■ Exercise inputs
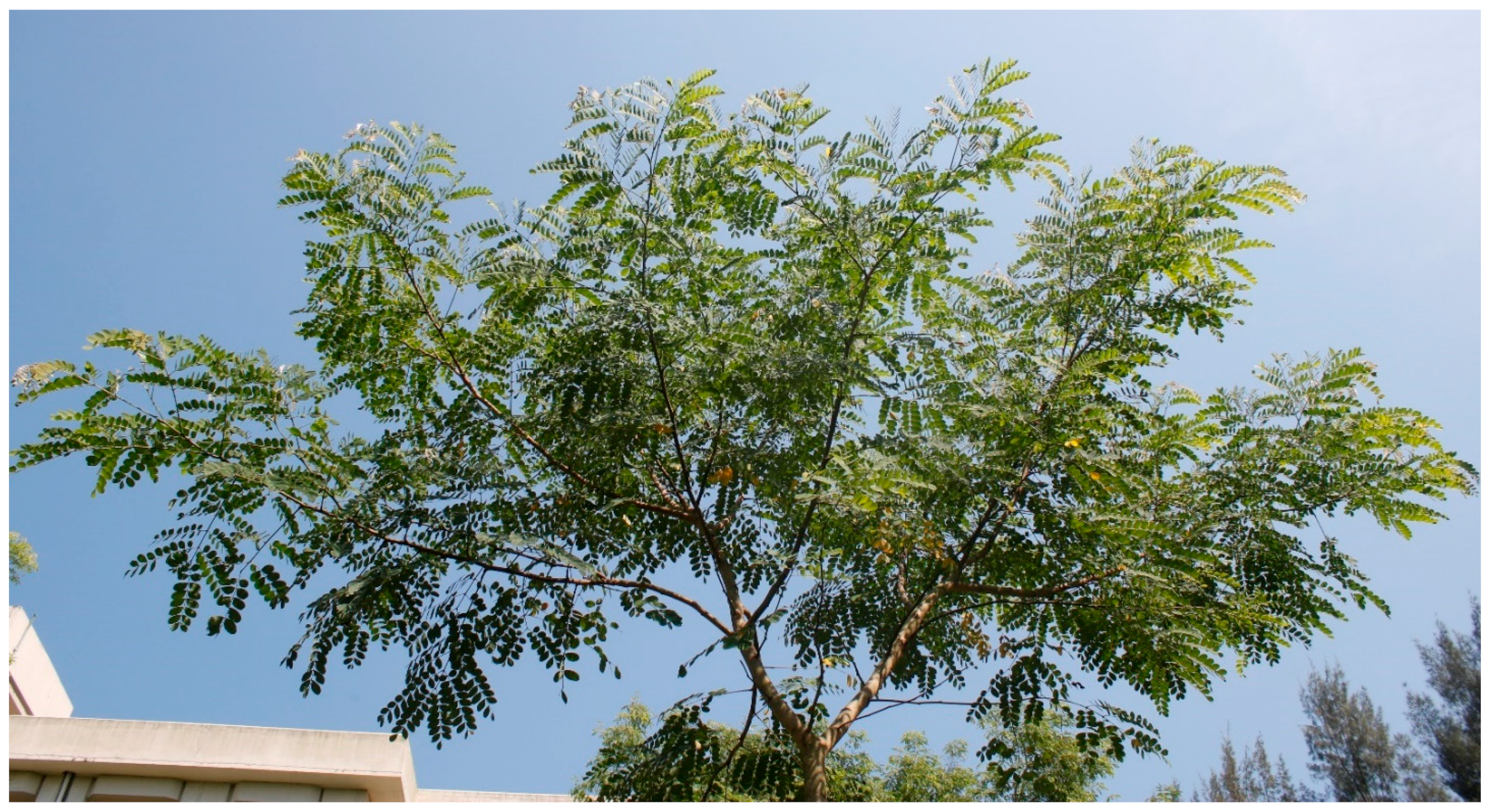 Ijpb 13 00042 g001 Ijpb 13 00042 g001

* * *

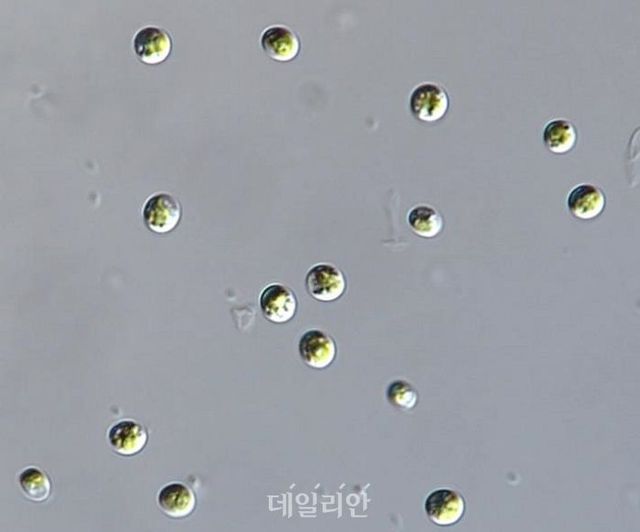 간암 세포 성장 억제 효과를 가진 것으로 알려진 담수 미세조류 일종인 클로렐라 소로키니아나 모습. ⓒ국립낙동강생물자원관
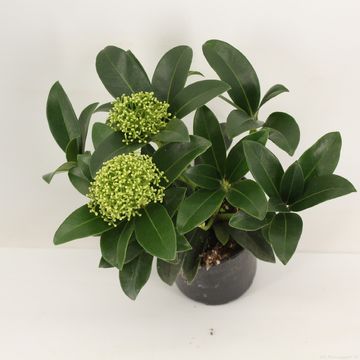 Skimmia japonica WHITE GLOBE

---

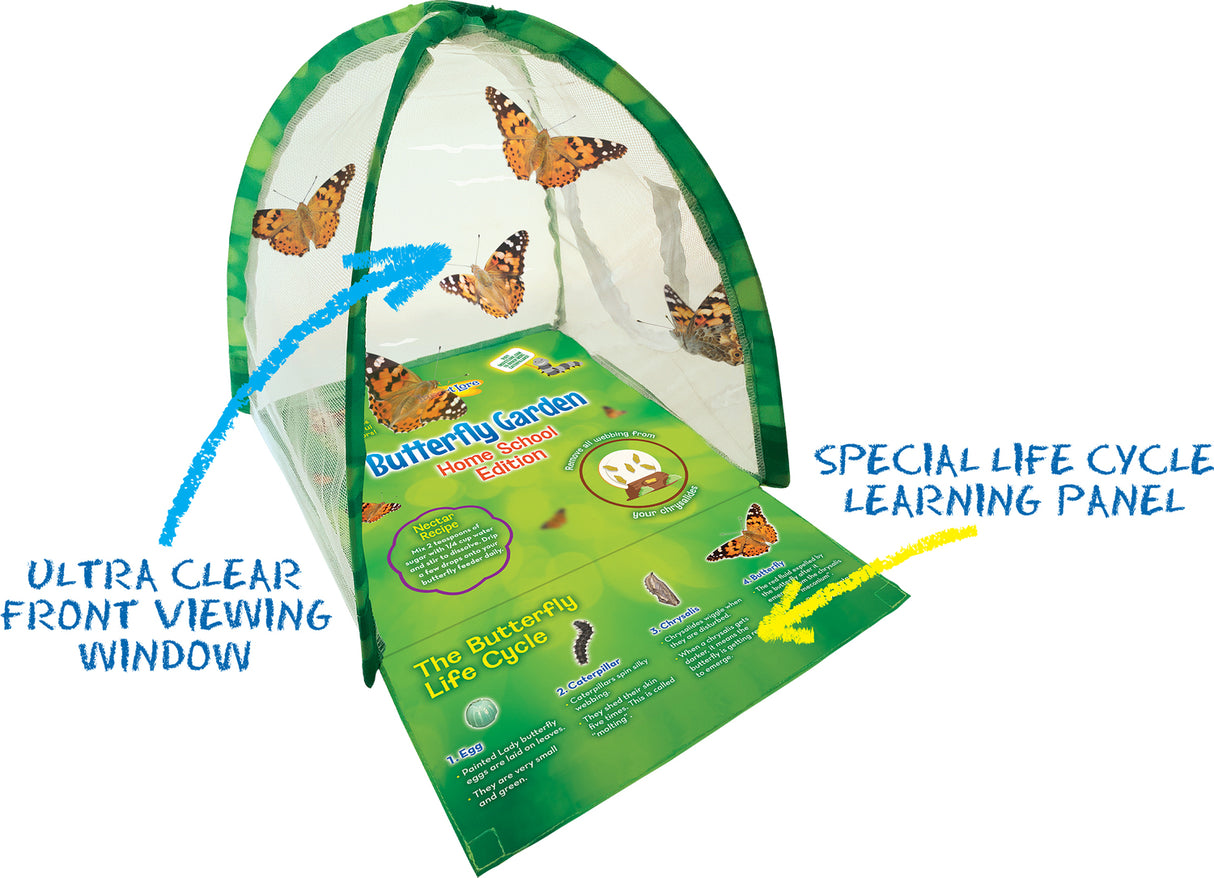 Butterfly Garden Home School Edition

■ Problem statement
Transcribe, word for word, the stretch of lines in the data above from the one with "간암 세포 성장 억제" through the one with "Skimmia japonica WHITE GLOBE"; omit all pictures.

■ Task solution
 간암 세포 성장 억제 효과를 가진 것으로 알려진 담수 미세조류 일종인 클로렐라 소로키니아나 모습. ⓒ국립낙동강생물자원관
 Skimmia japonica WHITE GLOBE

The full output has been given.